Matériels et méthodes: Nous avons mené une étude prospective observationnelle au sein d’un SAU adultes enregistrant 70 000 passages annuels.  Tout patient présentant une dyspnée aiguë accompagnée d’une saturation pulsée en oxygène (SpO2) inférieure à  90 % en tri IAO était inclus dans l’étude.  La StO2 était mesurée par technique de spectrophotométrie infrarouge grâce à un capteur placé sur l’eminence thénar (InSpectra®, Hutchinson Technology, MN, Etats-Unis).  Une mesure était réalisée toutes les 5 min sur une période de 15 min.  L’analyse statistique a été réalisée par test t ou Anova pour mesures répétées à un facteur.  Une valeur de p inférieur à 0,05 était considérée comme significative.

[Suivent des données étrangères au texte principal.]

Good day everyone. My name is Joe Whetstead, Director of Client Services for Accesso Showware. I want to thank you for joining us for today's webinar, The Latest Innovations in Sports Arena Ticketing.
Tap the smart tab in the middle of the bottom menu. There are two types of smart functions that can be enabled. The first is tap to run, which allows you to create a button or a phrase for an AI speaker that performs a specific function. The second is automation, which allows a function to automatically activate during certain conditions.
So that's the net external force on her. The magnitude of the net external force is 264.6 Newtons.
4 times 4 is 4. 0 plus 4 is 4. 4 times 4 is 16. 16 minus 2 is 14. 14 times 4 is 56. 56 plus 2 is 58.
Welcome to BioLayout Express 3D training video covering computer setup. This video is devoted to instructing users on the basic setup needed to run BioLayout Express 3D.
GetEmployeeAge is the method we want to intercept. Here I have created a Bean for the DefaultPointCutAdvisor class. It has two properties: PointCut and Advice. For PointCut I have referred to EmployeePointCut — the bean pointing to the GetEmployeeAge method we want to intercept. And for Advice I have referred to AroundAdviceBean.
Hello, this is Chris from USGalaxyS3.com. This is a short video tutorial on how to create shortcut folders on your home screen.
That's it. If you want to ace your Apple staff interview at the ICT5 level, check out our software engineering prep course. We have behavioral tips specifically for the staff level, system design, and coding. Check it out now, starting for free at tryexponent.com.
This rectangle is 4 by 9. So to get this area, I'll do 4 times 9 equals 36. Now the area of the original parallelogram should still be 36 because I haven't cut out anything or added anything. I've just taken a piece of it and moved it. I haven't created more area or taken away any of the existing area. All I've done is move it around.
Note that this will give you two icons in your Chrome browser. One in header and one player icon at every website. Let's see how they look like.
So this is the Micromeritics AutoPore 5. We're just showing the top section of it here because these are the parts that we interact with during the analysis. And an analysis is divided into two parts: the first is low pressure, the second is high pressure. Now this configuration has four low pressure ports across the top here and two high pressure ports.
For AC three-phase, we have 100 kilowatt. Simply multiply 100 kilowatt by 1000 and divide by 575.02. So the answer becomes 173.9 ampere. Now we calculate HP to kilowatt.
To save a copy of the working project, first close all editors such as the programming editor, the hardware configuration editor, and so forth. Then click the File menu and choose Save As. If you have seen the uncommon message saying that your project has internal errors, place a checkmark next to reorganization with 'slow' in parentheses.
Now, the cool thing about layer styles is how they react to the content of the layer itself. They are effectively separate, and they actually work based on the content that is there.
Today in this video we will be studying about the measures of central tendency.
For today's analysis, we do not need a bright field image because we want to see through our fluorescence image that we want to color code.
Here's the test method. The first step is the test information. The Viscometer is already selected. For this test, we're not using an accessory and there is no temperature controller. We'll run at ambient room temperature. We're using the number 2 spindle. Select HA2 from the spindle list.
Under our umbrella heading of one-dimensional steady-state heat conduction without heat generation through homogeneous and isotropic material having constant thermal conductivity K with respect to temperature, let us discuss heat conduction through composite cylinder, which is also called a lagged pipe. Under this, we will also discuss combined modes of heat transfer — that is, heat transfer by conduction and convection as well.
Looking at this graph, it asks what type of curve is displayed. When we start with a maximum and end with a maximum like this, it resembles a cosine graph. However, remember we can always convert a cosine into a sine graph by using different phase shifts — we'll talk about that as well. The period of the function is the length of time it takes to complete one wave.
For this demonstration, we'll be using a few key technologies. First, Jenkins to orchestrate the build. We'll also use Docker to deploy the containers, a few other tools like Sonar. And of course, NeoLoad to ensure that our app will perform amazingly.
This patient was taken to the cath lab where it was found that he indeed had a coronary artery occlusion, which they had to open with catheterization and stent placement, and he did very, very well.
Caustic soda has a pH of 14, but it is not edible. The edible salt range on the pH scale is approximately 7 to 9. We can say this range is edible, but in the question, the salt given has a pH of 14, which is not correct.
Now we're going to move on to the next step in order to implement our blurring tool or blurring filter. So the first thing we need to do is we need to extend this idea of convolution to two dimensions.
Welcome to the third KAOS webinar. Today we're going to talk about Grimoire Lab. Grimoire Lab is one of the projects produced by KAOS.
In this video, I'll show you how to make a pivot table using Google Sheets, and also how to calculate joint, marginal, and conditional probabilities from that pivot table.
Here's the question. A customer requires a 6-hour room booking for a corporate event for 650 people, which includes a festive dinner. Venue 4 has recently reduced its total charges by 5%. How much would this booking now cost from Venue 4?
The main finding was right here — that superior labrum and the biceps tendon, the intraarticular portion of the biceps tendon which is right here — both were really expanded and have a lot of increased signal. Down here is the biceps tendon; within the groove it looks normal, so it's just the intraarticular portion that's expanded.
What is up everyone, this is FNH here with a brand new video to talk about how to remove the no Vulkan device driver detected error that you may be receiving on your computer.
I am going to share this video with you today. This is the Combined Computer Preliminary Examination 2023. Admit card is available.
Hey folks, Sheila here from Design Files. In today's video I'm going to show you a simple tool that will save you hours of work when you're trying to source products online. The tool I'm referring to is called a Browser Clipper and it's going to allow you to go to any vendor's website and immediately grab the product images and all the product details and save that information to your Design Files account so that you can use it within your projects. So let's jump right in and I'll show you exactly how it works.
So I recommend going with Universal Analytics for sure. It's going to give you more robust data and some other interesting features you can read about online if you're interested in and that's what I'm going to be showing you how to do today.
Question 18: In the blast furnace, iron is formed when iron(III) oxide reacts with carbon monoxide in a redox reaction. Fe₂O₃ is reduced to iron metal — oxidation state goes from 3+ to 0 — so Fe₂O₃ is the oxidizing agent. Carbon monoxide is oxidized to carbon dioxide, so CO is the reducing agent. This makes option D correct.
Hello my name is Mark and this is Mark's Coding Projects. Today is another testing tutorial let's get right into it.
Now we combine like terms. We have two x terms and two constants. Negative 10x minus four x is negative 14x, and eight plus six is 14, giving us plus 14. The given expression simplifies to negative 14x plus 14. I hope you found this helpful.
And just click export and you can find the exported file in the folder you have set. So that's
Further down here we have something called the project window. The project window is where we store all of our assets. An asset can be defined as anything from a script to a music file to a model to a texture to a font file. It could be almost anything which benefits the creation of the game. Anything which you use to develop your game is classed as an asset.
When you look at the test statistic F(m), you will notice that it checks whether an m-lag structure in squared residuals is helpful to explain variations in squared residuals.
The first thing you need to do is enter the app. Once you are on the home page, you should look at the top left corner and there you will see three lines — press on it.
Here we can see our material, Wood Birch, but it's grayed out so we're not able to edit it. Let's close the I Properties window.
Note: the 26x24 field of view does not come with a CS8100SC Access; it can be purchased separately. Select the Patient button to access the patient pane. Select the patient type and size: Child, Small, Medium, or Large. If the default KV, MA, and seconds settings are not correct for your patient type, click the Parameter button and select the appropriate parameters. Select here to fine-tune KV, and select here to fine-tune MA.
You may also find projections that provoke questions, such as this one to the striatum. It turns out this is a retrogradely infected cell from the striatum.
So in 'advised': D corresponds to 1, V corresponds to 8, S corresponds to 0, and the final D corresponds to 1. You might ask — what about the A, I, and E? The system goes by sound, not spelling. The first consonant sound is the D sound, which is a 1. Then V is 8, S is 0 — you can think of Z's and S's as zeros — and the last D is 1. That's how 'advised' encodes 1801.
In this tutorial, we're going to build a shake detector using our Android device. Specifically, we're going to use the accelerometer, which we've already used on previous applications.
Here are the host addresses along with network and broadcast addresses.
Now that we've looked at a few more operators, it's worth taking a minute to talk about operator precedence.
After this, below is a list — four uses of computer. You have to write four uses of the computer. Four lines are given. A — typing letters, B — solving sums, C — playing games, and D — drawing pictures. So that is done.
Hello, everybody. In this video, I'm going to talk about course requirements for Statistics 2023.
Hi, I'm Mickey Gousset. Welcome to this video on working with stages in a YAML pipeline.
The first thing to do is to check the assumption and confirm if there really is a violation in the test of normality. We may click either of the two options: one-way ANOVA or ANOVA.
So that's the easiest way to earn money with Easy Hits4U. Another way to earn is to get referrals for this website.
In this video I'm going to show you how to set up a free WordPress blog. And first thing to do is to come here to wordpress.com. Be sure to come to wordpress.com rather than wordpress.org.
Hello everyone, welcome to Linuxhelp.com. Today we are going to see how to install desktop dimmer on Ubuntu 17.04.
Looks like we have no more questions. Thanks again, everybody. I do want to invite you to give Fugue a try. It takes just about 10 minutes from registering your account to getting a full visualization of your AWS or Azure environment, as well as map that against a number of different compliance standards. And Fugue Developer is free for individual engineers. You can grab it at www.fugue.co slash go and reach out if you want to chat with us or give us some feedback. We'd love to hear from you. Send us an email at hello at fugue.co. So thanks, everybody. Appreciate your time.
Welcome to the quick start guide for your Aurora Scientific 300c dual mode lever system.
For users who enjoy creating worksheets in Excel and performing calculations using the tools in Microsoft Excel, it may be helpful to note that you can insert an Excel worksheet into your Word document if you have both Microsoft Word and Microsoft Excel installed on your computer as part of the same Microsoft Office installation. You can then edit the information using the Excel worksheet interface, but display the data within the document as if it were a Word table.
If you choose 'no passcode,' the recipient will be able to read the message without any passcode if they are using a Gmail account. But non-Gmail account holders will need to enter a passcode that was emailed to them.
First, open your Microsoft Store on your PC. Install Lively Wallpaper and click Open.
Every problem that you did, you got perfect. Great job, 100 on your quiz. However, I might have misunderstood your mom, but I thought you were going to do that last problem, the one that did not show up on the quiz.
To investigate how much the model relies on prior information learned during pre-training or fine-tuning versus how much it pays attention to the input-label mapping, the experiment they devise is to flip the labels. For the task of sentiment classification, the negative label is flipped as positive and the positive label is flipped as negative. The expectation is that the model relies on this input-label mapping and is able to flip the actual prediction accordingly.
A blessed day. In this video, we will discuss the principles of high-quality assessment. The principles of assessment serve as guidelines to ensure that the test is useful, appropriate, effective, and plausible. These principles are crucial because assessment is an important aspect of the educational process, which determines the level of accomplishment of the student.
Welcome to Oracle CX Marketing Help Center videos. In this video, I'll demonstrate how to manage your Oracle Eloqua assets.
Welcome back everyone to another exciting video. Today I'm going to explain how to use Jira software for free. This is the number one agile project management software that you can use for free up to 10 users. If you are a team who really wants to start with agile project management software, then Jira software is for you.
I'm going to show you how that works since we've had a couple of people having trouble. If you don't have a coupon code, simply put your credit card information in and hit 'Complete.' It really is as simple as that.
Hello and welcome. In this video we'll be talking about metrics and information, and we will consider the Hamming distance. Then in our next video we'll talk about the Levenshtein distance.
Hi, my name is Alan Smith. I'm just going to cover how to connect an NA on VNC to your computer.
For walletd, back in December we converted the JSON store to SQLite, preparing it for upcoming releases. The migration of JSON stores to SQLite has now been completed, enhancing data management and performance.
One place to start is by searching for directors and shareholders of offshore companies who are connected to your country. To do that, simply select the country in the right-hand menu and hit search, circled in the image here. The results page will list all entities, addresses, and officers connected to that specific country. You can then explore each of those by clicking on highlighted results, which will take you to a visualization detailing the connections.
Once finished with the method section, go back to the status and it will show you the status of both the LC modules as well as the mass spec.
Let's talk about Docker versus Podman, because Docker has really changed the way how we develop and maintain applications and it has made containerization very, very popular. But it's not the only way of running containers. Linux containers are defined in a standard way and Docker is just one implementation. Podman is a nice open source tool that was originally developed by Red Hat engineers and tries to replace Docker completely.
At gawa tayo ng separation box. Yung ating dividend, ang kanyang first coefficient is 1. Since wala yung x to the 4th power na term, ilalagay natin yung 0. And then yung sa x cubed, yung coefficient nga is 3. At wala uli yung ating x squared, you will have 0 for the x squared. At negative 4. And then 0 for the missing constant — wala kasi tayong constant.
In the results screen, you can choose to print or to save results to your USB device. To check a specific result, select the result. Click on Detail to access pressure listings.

Résultats: Un total de 63 patients a été inclus dans l’étude.  Vingt-six malades étaient inclus dans le groupe cardiaque (C) versus 33 dans le groupe non cardiaque (NC) et quatre dans le groupe EP (EP).  Nous n’avons pas retrouvé de corrélation entre la valeur de StO2, de SpO2 et l’origine de la dyspnée.  La différentielle SpO2-StO (delta SO2) était significativement corrélée à l’origine de la dyspnée (p < 0,05) avec un delta SO2 plus élevé dans le groupe C comparativement au groupe NC.  Pour un delta SO2 supérieur ou égal à 18 %, la sensibilité était de 42,3 % (IC 95 % : [23,4-63,1]), la spécificité de 90,9 % (IC 95 % : [75,6-98]), la VPP de 78,6 % et la VPN de 66,7 %.  La StO2 était significativement plus basse chez les malades décédés à un mois (66,5 ± 10 %) comparativement aux survivants (73,5 ± 10 % ; p < 0,01).

Conclusion: La valeur de StO2 semble un paramètre utile pour juger la gravité des patients se présentant au SAU pour une dyspnée aiguë.  La différentielle SpO2-StO2 semble intéressante pour identifier l’existence d’une part cardiaque à l’origine de la dyspnée.  D’autres inclusions sont nécessaires pour confirmer ces résultats. La mesure de la StO2 est réalisable en pré-hospitalier, après formation des équipes et attribution du rôle à l’un des membres.